Разумеется, данная формула является логически циркулярной: христианство определяется через христиан, а сами христиане определяются как люди, которые представляют христианство. Однако, при всей критике, которую может вызвать такой циркулярный подход, только он является, как я думаю, способом распутать клубок, который в ином случае должен остаться не распутанной загадкой. Поясню, в чем дело, на обыденном примере. Допустим, поблизости от вашего жительства находится лес, и вас просят определить этот объект. Вы, не будучи ни ботаником, ни географом, ни зоологом, не имеете ни малейшего понятия о том что происходит в лесу и не можете сказать, что составляет его сущность. Единственное, что вы можете сделать в данной ситуации: понятийно определить лес как лес (это именно лес, а не поле, не луг и не речка; равно как христианство - это то, что думают, говорят и делают христиане, а не то что написано как "правильное понятие" в катехизисе вашей церкви, учебнике по догматическому богословию или в очередном научном труде по "истокам христианства"), и второе, что вы можете сделать в этой ситуации: локализовать лес в пространственно-временных координатах. Благодаря последней локализации вы не спутаете ЭТОТ лес с каким-либо иным лесом. В своем историческом становлении и бытии этот лес может претерпевать какие угодно изменения, старые деревья в нем могут вымереть и вырасти новые, старые породы деревьев могут вымереть и вырасти новые виды деревьев, которые никогда раньше в этом лесу не росли - и тем не менее независимо от количества прошедшего времени лес останется именно тем лесом, который вас просили определить как лес поблизости от вашего жительства. При этом лес мог претерпеть даже такие метаморфозы, что знавший его ранее может не узнать его в его нынешнем виде - ваше определение леса через тип и локализацию будет методологически безупречным.

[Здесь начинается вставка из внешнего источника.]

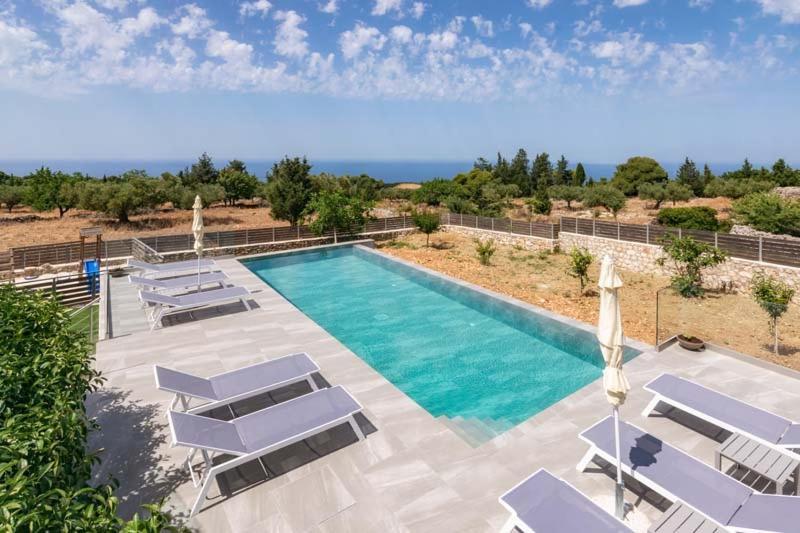 Alonaki Apartments Agios Leon Exterior foto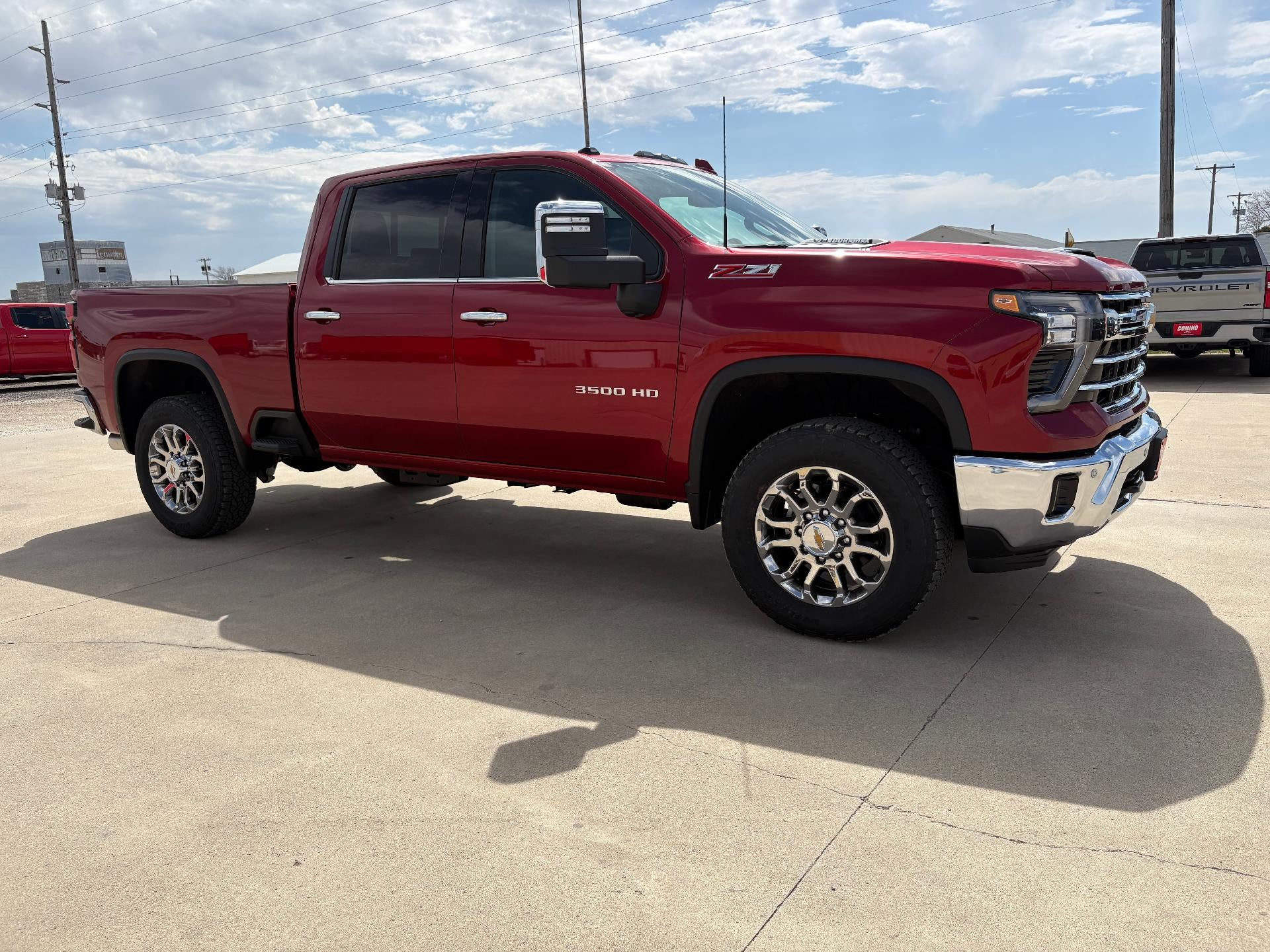 2026 Chevrolet Silverado 3500HD LTZ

Равно христианство, локализуясь исторически в людях, которые в начале первого столетия приняли учение и практику от Исуса из Назарета и других людей - среды в которой Исус жил и действовал - в дальнейшем стали претерпевать многообразные изменения и метаморфозы, порождая все исторически известные формы христианства, с некоторыми из которых (далеко не всеми) доводилось практически сталкиваться каждому из нас. Определить христианство позитивно, каким то учением, доктриной, набором доктрин, описанием какой-либо практики (литургической, пасторской и прочей) - невозможно. Христианство, это говоря языком математики, не константа (т.е. не постоянная сумма неизменных доктрин, практик), а историческая переменная, текущее значение которой находится в постоянном изменении и глобально не определено. Я не уверен что вообще заданы какие-либо пределы изменениям этой переменной... )))


Что же придает единство этой переменной, этому рыхлому, исторически изменчивому и текучему многообразию идей и практик, именуемому христианством? Как известно, христианство не замкнуто в среде самих христиан, оно обладает внешним воздействием. Некоторые люди, проживая в христианском окружении или христианских странах, невольно, даже не ставя себе такой цели, усваивают себе кое-что из христианского наследия. Другие люди сознательно заимствуют из христианства нечто, что им нравится или оказывается выгодным. Притом ни первые ни вторые люди вовсе не собираются становиться христианами, т.е. не собираются принимать христианство в его целостности. Для того чтобы такое влияние вовне стало возможно, требуется определенное постоянство христианских идей и практик, а такое постоянство на христианском языке называется "верой". Христианин придерживается своих идей и практик не из-за чувства долга, не по обязанности, а потому что нашел глубокое созвучие этих идей и практик со своим существом, они его "затронули" (это не значит, что "затрагивающее" человека не может меняться со временем, и затрагивающее родителей не всегда затрагивает детей). Именно этим - затронутостью - искренняя вера отличается от лицемерного подражания, и именно верой настоящий христианин отличается от человека, который только называется христианином. Именно вера, а точнее - набор христианских вер - придает христианству единство и целостность как феномену, и одновременно это же многообразие христианских вер раскалывает феномен христианства на несколько (или на множество: кому как))) течений или направлений. Для примера достаточно указать на восточное (православное) и западное (католическое) христианство, каждое из которых многократно менялось исторически, приходя в силу этого либо к резкой вражде и анафематствованию по отношению друг к другу или, напротив, к поиску согласия и точек соприкосновения. Чуть подробнее о сути различия восточного и западного христианства я скажу ниже...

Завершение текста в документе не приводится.